How is AP supposed to handle power-save packets from peer?

Mon Jul 13 09:37:52 PDT 2015

On 07/13/2015 01:05 AM, Michal Kazior wrote:
> On 10 July 2015 at 15:13, Ben Greear <greearb at candelatech.com> wrote:
>> On 07/09/2015 10:20 PM, Michal Kazior wrote:
>>>
>>> On 10 July 2015 at 02:03, Ben Greear <greearb at candelatech.com> wrote:
>>>>
>>>> Suppose one is doing heavy download (AP -> peer traffic), and there are
>>>> lots of frames in the
>>>> NIC's tx buffers (ath10k firmware, in this case).
>>>>
>>>> Then, peer sends a power-save pkt telling AP it is going off-channel or
>>>> otherwise
>>>> will be unavailable.
>>>
>>>
>>> I assume you're exploring the worst-case scenario when all tx buffers
>>> are consumed and peer goes to sleep, am I correct?
>>
>>
>> Even if not absolutely all...seems like we should flush them quick and
>> let the OS do the buffering by having it re-send when PS is disabled
>> again.  A few stations in PS could quickly eat all firmware tx buffers, not
>> even
>> including the wmi-mgt-frame issue.  I've fixed the tx-status in my CT
>> firmware now...could possibly
>> add another tx-status (like tx-dropped-PS) to better deal with this?  I
>> think
>> I may try to make my firmware able to transmit mgt frames over htt as well,
>> which should help with some of this as well.
> 
> Hmm.. I guess you'd need to either re-implement per-sta buffering in
> ath10k or make ath10k use mac80211's implementation for AP PS. Either
> way I think it might be pretty tricky. The latter will need NullFunc
> frames and PS-Polls to be reported to mac80211. I'm not sure if these
> get delivered without monitor vdev. Even if they are it would work
> with QCA988X and 10.x/636 only. QCA617X4 hw3.x+ has Full Rx offload
> and is incapable of acting as a monitor effectively (it doesn't report
> tons of frame types). And there's QCA99X0 on the horizon which I don't
> know much about yet.

I suspect this sort of thing will require at least some firmware changes,
so I am not planning to go out of my way to hack around upstream firmware
limitations if I can fix CT firmware do to it better.
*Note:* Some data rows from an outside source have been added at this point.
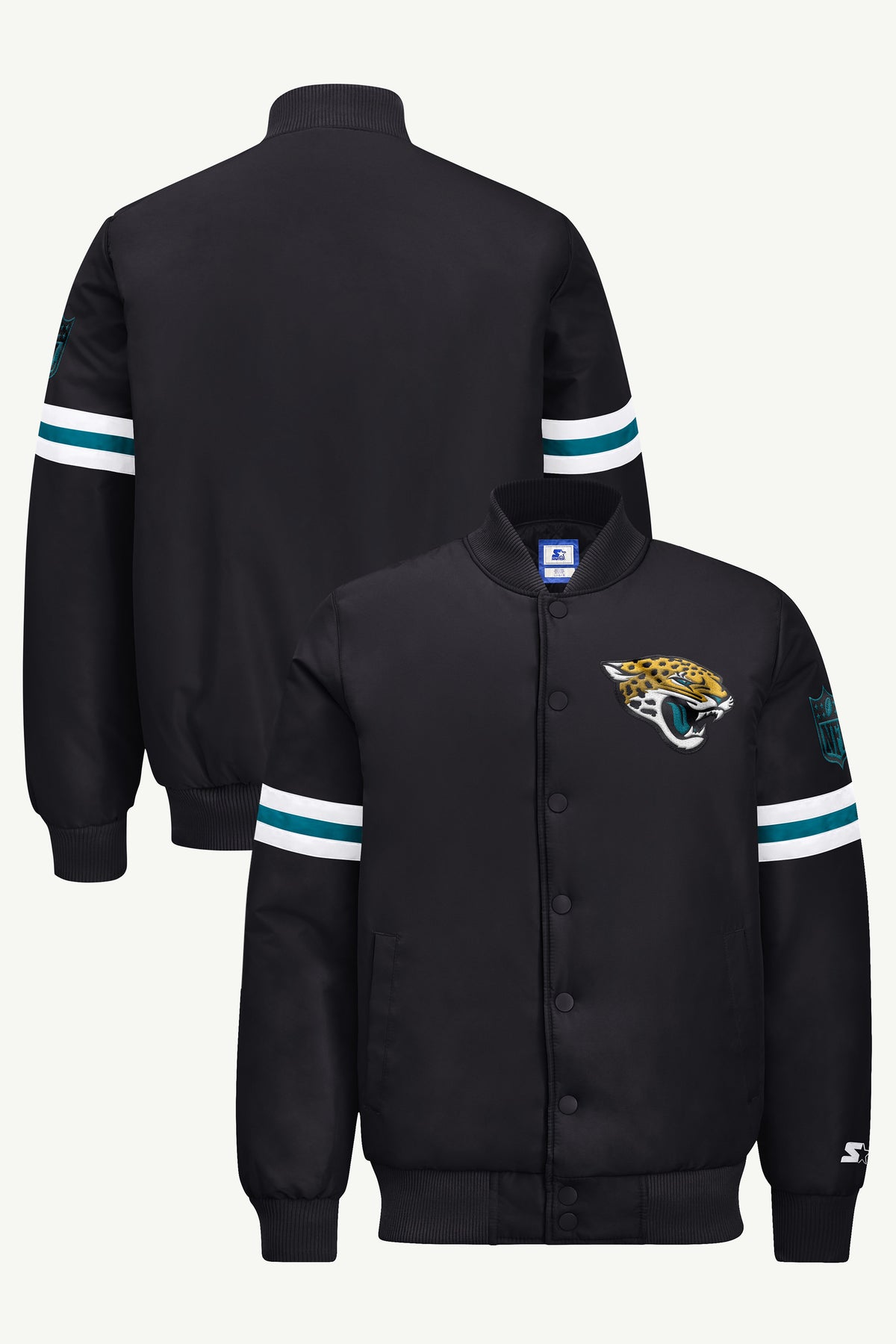 MENS JACKSONVILLE JAGUARS STRIPE SLEEVE VARSITY JACKET View 1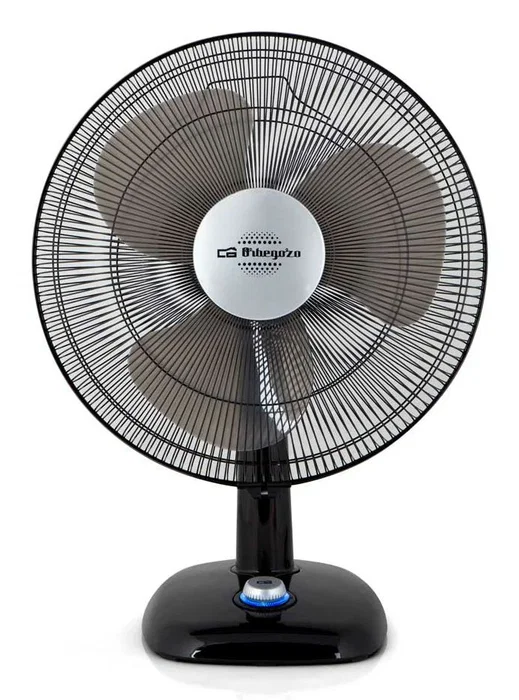 Orbegozo TF 0134 Ventilador de Sobremesa Negro 40W 3 Velocidades 30 cm con Oscilación, Inclinación y Luz LED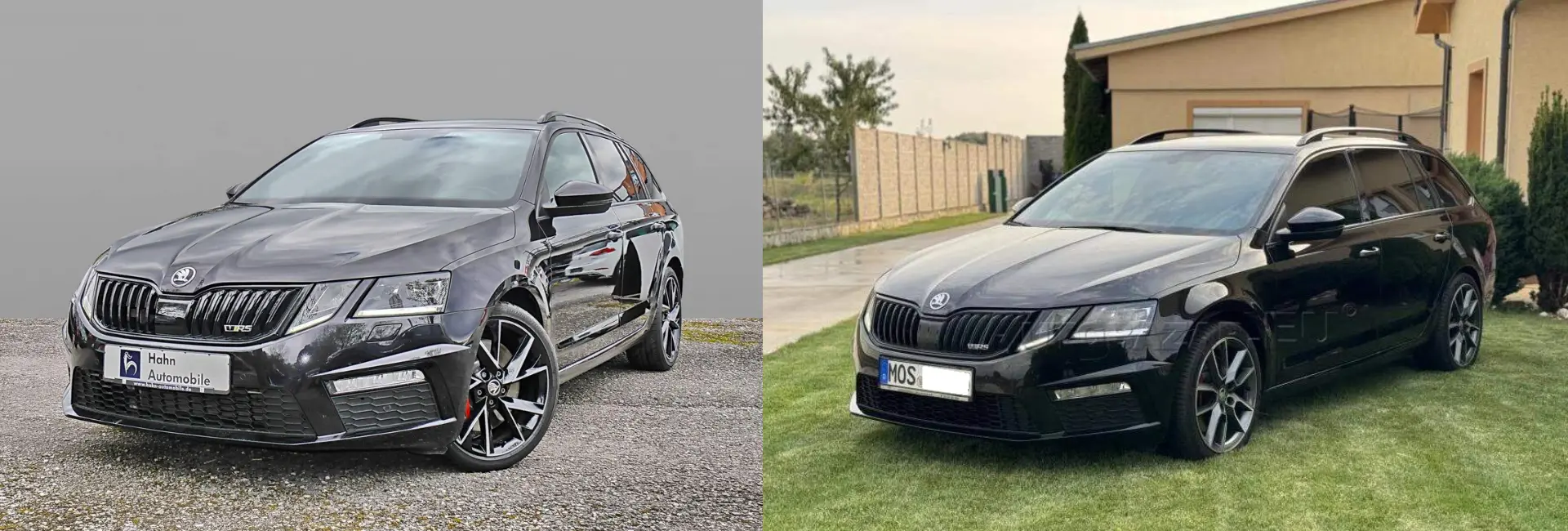 Fotografie Škody Octavia RS v inzercii v Nemecku pred haváriou a na Slovensku po oprave. Fotografie Škody Octavia RS v inzercii v Nemecku pred haváriou a na Slovensku po oprave.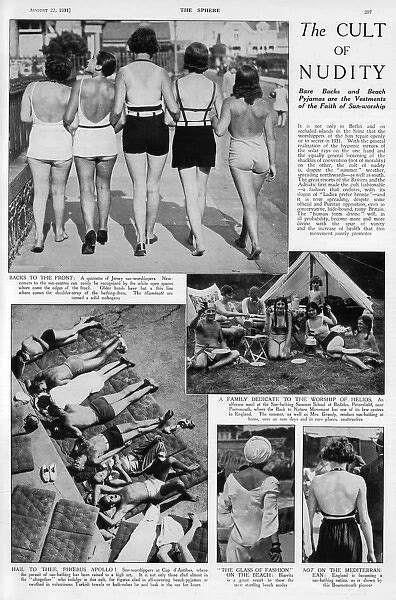 the cult of nudity sunbathing fashions 1930s available as framed prints photos wall art and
I think it would be easy enough to modify firmware to make it pass
some extra frames up the stack.

At least as rough outline, does this seem like it could work:

1)  Pass NullFunc & PS Poll frames up to host

2)  Rip out all of the power-save support in the firmware.

3)  Implement a 'flush-peer-ps' API that lets host tell firmware
to discard any pending frames for a particular peer, and have firmware
use a new tx status 'TX_DISCARD_PS'.  I don't think we can reuse
the plain 'DISCARD' tx-status since it *is* used for at least a few
things, and so host would have a hard time knowing how to handle
that rx code properly.

4)  Somehow let mac80211 stack know that the TX_DISCARD_PS frames are
to be retried w/out decrementing the retry counter once PS logic dictates
frames can be sent again.

> 
> I'm not sure but flushed frames could be reported as "discard". If
> that were the case we could probably use that instead of a custom
> tx-dropped-ps. "discard" is rather rare and happens in some corner
> cases from what I've seen so far (missing peer entries, bogus frames,
> etc) only.
> 
> It'd be great if all ath10k hw/fw revisions can benefit.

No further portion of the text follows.